関連する話が「エミール」で出てくるので紹介する。
「自由な活動ができるためには依存が必要だ」
===== 引用はじめ (P.53)
つまり見守ってくれる家庭教師がいるからこそ、エミールは安心して心ゆくまで野原で遊んだりできるわけですね。
心理学における「愛着理論」には、「安全基地」と「探索行動」という概念があります。子どもの自由な活動(探索行動)は、親や教師の見守り(安全基地)があってはじめて可能になる、というのです。
この見方がおもしろいのは、自由と依存とが完全に対立する二項ではないということを、よく理解させてくれるところです。
だれにもまったく依存しないというのではなく、必要なときに適切な相手に適切な程度で依存することが、自立なのではないでしょうか。自立した大人というのは、仕事でも生活でも、うまく他人に頼ることができる人なのではないでしょうか。
===== 引用おわり
「自由と依存とが完全に対立する二項ではない」と書いてあるが、「支援を得て」と「自立した生活を得る」とが完全に対立する二項ではない、ということに通じる。
引用した内容は、実践的である。二例あげる。
私の現役時代、「優秀な人」と「仕事が出来る人」とは必ずしも一致しない、というケースが多くあった。「優秀な人」は優秀なため、えてして人に依存しようとはしない。「仕事の出来る人」は、よい仕事をするため、適切に人に依存する。
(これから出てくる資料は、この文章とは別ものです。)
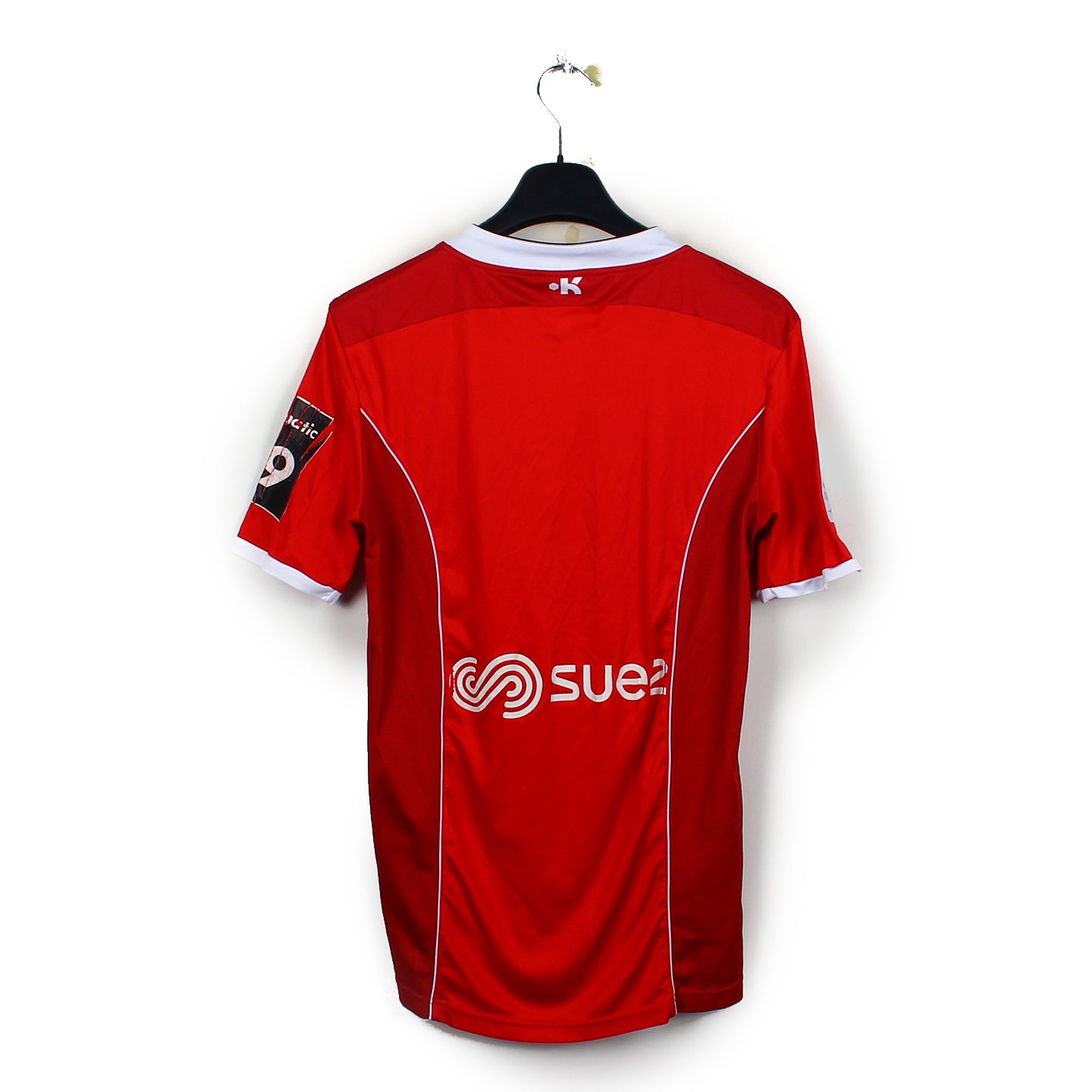 2016/17 - Valenciennes FC (M)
IQ(知能指数)とEQ(こころの知能指数)の関係も、これで説明できる。
===== 引用はじめ
IQだけでは、説明しきれない事柄
例えば、資質や学歴がだいたい同じでチャンスにも同じように恵まれた人たちが、異なる運命をつかみとる結果になるのはなぜなのか。
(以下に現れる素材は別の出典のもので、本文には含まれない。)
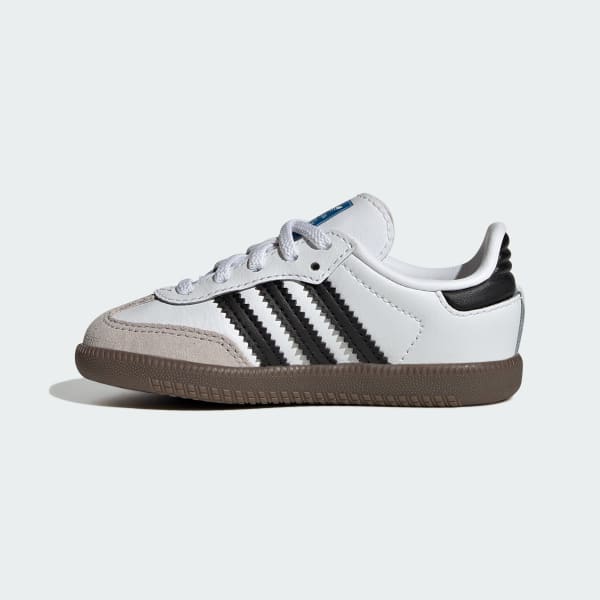 Chaussure lacets élastiques fermeture confortable Samba OG Enfants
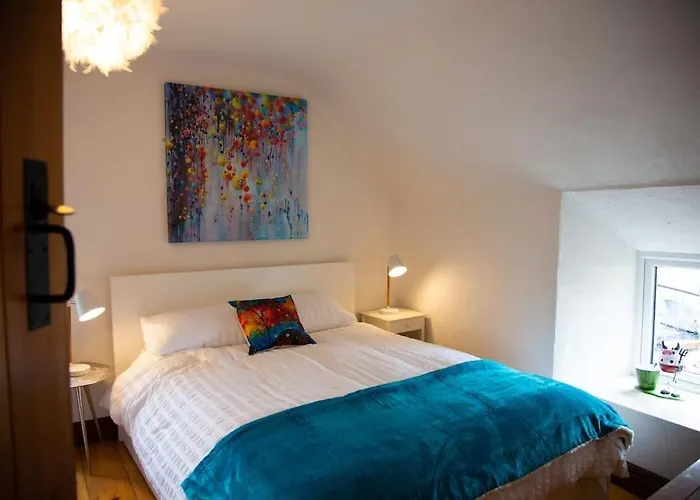 アパート Cosy Apartment/ Explore The Area/enjoy Our Pub Headford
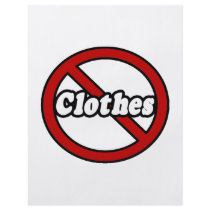 No Clothes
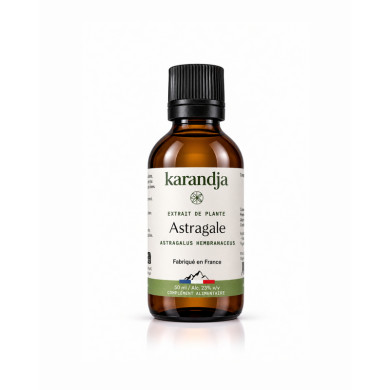 Extrait de plante Bio ASTRAGALE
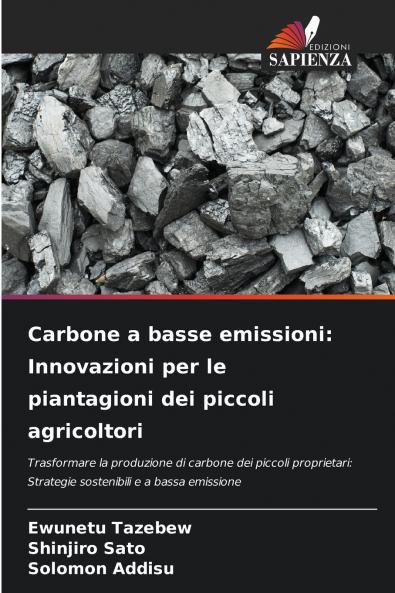 Carbone a basse emissioni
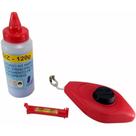 Giz de Linha Vermelho com Nível - Lotus 3898 Giz de Linha Vermelho com Nível - Lotus 3898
こうしたことに対して、アメリカなどでは「こころの知性」に目が向けられ、15年ほど前から多くの研究がなされて来ました。
ハーバードを卒業した人々を中年になるまで追跡調査したところ、大学時代に秀才だった人が、そうでない人より収入や業績や地位などの点で特に成功しているとはいえない。
「イリノイ州の高校を首席または次席で卒業した男女81人を追跡調査したデータもあります。いうまでもなく、高校時代の成績は全員優秀。大学でも素晴らしい成績をおさめている。
しかし二十代後半になった時点で調査してみると、社会的な成功度はいわゆる「並」程度でしかなかった。
高校を卒業して10年経ってみると、それぞれの職種で同年代のトップレベルにいたのはわずか4人に1人で、それ以外は目立った活躍をしていなかった。」
人生で大きな差をつけたのは、IQよりも子どものころに挫折を克服する能力、感情をコントロールする能力、他人と協調する能力があったかどうかだったのです。
(もちろん、IQを否定するものではないことは、ご理解いただけると思います。)
===== 引用おわり
「(533) 他人の手にゆだねる力」でも、同様な話を展開した。
これらは全部、ひとくくりである。